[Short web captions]
■ ■ ■ ■ ■

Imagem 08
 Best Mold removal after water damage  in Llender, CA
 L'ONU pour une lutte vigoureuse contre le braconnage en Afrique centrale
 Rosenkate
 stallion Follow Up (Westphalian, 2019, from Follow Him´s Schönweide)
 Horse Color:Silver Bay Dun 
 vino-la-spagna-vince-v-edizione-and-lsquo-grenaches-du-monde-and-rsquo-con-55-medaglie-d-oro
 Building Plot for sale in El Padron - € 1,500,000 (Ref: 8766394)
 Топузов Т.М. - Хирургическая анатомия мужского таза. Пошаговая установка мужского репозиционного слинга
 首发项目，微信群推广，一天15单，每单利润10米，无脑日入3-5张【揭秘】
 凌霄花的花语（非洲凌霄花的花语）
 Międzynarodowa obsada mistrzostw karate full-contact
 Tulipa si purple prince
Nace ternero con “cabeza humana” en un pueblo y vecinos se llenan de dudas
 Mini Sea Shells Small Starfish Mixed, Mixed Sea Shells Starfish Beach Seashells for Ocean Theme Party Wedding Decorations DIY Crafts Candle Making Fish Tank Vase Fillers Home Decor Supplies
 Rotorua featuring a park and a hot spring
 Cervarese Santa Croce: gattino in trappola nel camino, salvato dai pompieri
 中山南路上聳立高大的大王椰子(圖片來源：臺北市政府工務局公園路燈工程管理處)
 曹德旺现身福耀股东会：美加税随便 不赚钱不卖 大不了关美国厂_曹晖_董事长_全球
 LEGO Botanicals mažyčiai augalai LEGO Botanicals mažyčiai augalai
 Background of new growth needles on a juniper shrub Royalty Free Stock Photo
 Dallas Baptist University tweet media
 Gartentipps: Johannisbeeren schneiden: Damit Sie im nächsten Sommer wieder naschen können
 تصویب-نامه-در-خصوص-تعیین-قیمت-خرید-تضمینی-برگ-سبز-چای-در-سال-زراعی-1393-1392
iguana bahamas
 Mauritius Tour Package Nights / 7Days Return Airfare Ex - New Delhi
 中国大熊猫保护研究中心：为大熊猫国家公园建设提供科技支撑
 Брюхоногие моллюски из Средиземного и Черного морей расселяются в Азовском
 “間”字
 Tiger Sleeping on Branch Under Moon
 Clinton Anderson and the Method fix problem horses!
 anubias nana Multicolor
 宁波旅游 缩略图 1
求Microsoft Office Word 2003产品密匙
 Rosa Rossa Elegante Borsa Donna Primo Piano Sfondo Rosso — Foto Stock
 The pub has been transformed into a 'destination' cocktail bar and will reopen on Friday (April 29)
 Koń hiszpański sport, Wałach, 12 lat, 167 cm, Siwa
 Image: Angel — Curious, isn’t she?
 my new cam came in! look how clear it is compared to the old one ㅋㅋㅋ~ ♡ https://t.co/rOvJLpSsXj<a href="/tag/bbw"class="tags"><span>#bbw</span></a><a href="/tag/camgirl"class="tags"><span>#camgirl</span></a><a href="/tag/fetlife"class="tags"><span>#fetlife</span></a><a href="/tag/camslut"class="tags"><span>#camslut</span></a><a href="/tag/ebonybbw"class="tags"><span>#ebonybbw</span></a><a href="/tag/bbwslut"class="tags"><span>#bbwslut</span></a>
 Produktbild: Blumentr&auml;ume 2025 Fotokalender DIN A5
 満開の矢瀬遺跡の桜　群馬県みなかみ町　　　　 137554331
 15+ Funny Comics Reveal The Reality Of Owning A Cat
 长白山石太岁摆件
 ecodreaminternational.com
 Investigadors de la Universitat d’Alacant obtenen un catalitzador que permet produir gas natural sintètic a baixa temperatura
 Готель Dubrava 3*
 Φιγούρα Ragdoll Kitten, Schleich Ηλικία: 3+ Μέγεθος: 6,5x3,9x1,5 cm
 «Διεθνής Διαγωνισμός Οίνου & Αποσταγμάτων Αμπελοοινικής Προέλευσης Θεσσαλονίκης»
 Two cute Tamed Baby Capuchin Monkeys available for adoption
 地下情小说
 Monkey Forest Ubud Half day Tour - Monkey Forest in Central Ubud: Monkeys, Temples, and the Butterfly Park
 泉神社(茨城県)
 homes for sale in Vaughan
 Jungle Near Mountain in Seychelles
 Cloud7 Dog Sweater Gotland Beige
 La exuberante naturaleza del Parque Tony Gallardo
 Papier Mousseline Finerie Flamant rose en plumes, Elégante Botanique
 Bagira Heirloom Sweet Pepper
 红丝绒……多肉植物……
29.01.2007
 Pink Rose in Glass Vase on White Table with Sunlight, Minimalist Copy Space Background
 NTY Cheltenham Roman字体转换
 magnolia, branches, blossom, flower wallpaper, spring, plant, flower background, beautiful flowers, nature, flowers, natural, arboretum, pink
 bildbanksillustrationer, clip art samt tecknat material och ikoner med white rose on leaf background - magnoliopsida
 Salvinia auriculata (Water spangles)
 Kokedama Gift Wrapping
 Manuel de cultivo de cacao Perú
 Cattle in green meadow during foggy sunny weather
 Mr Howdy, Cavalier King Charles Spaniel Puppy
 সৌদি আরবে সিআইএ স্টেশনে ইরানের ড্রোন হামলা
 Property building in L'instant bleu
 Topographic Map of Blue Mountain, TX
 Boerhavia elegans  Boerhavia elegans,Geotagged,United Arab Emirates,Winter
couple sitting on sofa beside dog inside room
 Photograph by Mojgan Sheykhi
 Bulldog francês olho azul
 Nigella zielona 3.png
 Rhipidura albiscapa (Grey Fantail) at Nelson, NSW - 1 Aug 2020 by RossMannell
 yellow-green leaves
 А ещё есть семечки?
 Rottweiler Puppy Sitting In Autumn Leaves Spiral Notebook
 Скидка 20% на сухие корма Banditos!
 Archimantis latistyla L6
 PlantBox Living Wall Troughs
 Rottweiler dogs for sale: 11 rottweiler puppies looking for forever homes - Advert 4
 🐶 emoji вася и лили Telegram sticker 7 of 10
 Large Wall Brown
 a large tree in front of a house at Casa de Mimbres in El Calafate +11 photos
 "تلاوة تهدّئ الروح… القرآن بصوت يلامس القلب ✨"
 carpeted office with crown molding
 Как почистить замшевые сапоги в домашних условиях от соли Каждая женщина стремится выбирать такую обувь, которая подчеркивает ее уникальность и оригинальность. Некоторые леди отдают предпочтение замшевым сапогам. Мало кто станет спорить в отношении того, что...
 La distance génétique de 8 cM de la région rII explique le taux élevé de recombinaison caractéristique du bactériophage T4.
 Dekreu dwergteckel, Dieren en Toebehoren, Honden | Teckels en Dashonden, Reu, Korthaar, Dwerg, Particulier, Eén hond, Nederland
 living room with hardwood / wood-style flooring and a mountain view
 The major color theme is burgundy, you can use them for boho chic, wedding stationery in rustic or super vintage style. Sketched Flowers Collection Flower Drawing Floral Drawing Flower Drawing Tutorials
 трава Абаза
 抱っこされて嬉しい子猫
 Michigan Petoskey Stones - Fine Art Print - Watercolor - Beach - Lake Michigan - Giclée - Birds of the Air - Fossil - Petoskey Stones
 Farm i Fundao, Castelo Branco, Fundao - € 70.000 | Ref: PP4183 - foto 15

■ ■ ■ ■ ■

- PROMPT: Could you restate word for word the lines above, from the one that contains "my new cam came" through the one that contains "Jungle Near Mountain in Seychelles", and no others?

- RESULT OF THE TASK:
 my new cam came in! look how clear it is compared to the old one ㅋㅋㅋ~ ♡ https://t.co/rOvJLpSsXj<a href="/tag/bbw"class="tags"><span>#bbw</span></a><a href="/tag/camgirl"class="tags"><span>#camgirl</span></a><a href="/tag/fetlife"class="tags"><span>#fetlife</span></a><a href="/tag/camslut"class="tags"><span>#camslut</span></a><a href="/tag/ebonybbw"class="tags"><span>#ebonybbw</span></a><a href="/tag/bbwslut"class="tags"><span>#bbwslut</span></a>
 Produktbild: Blumentr&auml;ume 2025 Fotokalender DIN A5
 満開の矢瀬遺跡の桜　群馬県みなかみ町　　　　 137554331
 15+ Funny Comics Reveal The Reality Of Owning A Cat
 长白山石太岁摆件
 ecodreaminternational.com
 Investigadors de la Universitat d’Alacant obtenen un catalitzador que permet produir gas natural sintètic a baixa temperatura
 Готель Dubrava 3*
 Φιγούρα Ragdoll Kitten, Schleich Ηλικία: 3+ Μέγεθος: 6,5x3,9x1,5 cm
 «Διεθνής Διαγωνισμός Οίνου & Αποσταγμάτων Αμπελοοινικής Προέλευσης Θεσσαλονίκης»
 Two cute Tamed Baby Capuchin Monkeys available for adoption
 地下情小说
 Monkey Forest Ubud Half day Tour - Monkey Forest in Central Ubud: Monkeys, Temples, and the Butterfly Park
 泉神社(茨城県)
 homes for sale in Vaughan
 Jungle Near Mountain in Seychelles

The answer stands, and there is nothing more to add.